I looked it over again and it doesn't say anything about MT or JT. It only says CF TAPER UT3. Have you seen CF Taper before? What it means? It's from 1979, did they use different coding back then?



joecaption said:


> Should say MT or JT. Moris taper or Jacobs Taper.


----------



## chuck2112 (Aug 26, 2011)

I wasn't aware that keyless chucks didn't tighten as well as keyed chucks. Other than the convenience, it doesn't really matter to me which one I get, I thought they were just as good and might as well try it out since I need to replace it anyway. The most important thing to me is getting a part that I'll be happy with for years down the line. Thanks for your .02.


firehawkmph said:


> Blue,
> sure you want a keyless chuck in a drill press? I have two drill presses.

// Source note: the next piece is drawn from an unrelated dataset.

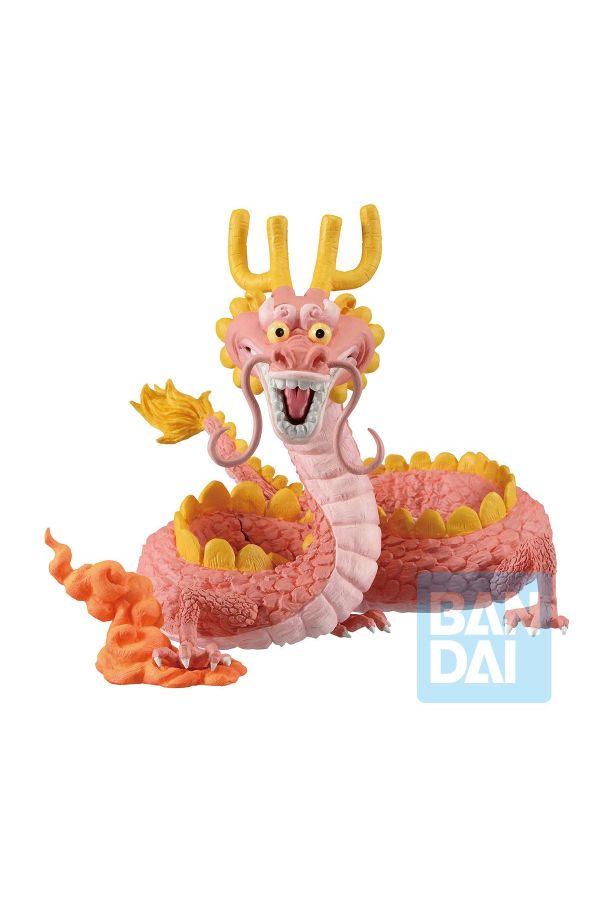 One Piece: Momonosuke (Onigashima) Figure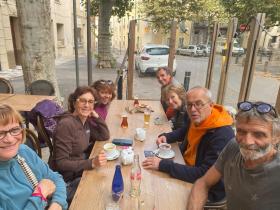 photo coins arrondis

Even thow the key takes a few seconds to change, it is definitely tighter and more secure than a keyless chuck. When I use a drill press, it is first off because I want a perpendicular hole. But secondly, it is because I'm using larger twist drills, forstner bits, wire wheels, etc. I have at least a half dozen cordless drills with keyless chucks. They work well for that but I'm not using large bits in them. Just my .02
> Mike Hawkins


----------